In [1]:
// boring imports
var Plot = require('plotly-notebook-js');
var {loadLabelledWine} = require('./utils');

'use strict'

# Supervised Learning


![Supervised learning](images/slide_supervised.png)

### Techniques availble in mljs

 - KNN - K Nearest Neighbors
 - **SVM - Support Vector Machines**
 - Naive Bayes
 - Partial Least Squares [regression]
 - Random Forests


In [2]:
var {features, dataset} = loadLabelledWine({verbose: true});

our dataset has 178 rows and  14 columns
Alcohol | Malic Acid | Ash | Alcalinity of ash | Magnesium | Total phenols | Flavanoids | Nonflavanoid phenols | Proanthocyanins | Color intensity | Hue | OD280/OD315 of diluted wines | Proline | Class
---------------------------
14.23 | 1.71 | 2.43 | 15.6 | 127 | 2.8  | 3.06 | 0.28 | 2.29 | 5.64 | 1.04 | 3.92 | 1065 | 1
 13.2 | 1.78 | 2.14 | 11.2 | 100 | 2.65 | 2.76 | 0.26 | 1.28 | 4.38 | 1.05 | 3.4  | 1050 | 1
13.16 | 2.36 | 2.67 | 18.6 | 101 | 2.8  | 3.24 | 0.3  | 2.81 | 5.68 | 1.03 | 3.17 | 1185 | 1
14.37 | 1.95 | 2.5  | 16.8 | 113 | 3.85 | 3.49 | 0.24 | 2.18 | 7.8  | 0.86 | 3.45 | 1480 | 1
13.24 | 2.59 | 2.87 | 21   | 118 | 2.8  | 2.69 | 0.39 | 1.82 | 4.32 | 1.04 | 2.93 | 735  | 1


## Support Vector Machines


##### SVM in mljs

 - docs for the SVM module are [here](https://mljs.github.io/svm/)
 - docs for the various kernel options are [here](https://github.com/mljs/kernel)


In [3]:
var SVM = require('ml-svm');

var options = {
  C: 0.01,  // Regularisation Parameter
  tol: 10e-4,  // numerical tolerance
  maxPasses: 10,  // max number of times to iterate over alphas when no change
  maxIterations: 10000,  // max number of iterations
  kernel: 'rbf', // kernel to use see full like in kernel docs
  kernelOptions: {
    sigma: 0.5  // sets the gaussian width
  }
};

var svm = new SVM(options);

'use strict'

Next train the classifier, let's start with the original 2d feature vectors that we used in our first pass through kmeans.

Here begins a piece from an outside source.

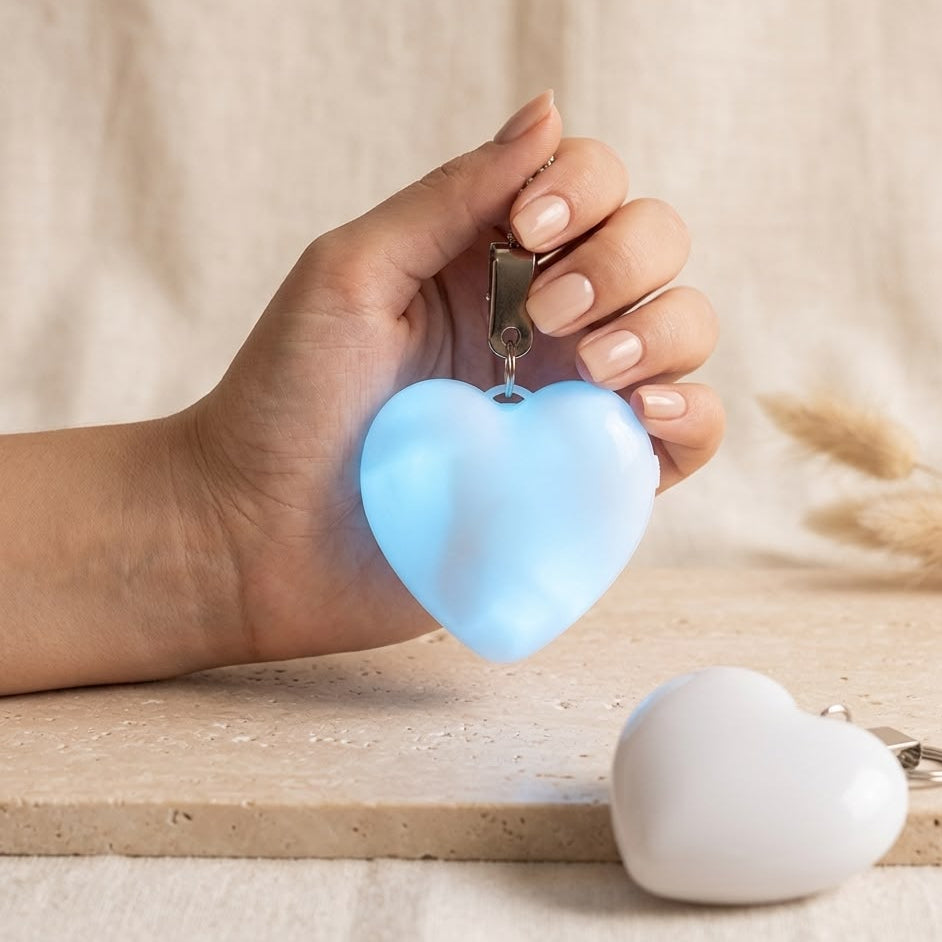 LINTERNA DE CORAZÓN PARA CARTERA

To do this, just call the `svm.train(inputs, labels)` with the input feature vectors and the true class labels.

In [4]:
var preprocess = require('ml-preprocess');



'use strict'

In [5]:
// prep our input data structures
var inputs = dataset.map(d => [d[0], d[11]]);
var labels = dataset.map(d => d[13] - 2); // needs label domain of {-1,1} rather then our labels of [0,1,2]

// train the model
svm.train(inputs, labels)

console.log(labels.slice(50,60))
console.log(inputs.slice(50,60).map(i => svm.predict(i)))

[ -1, -1, -1, -1, -1, -1, -1, -1, -1, 0 ]
[ -1, -1, -1, -1, -1, -1, -1, -1, -1, -1 ]


#### Margins

In [6]:
console.log(svm.margin(inputs.slice(0,5)))

[ -1.0099802987647664,
  -0.7583221166024475,
  -0.7583221166024475,
  -0.7583221166024475,
  -0.7583221166024475 ]


#### Support Vectors

In [10]:
console.log(svm.supportVectors().slice(0,5))

[ 1, 2, 4, 5, 6 ]


#### Measure Accuracy

Use the same confusion matrix approach as earlier to compute accuracy and f1-scores

In [13]:
var ConfusionMatrix = require('ml-confusion-matrix');
var actuals = labels;
var predicted = inputs.map(i => svm.predict(i));

var C = ConfusionMatrix.fromLabels(actuals, predicted)

'use strict'

#### Discussion

 - How does you accuracy compare with our unsupervised approaches?
 - Is this too good to be tru and should you be suspicous?
 - Can you think of how to get a better accuracy measurement?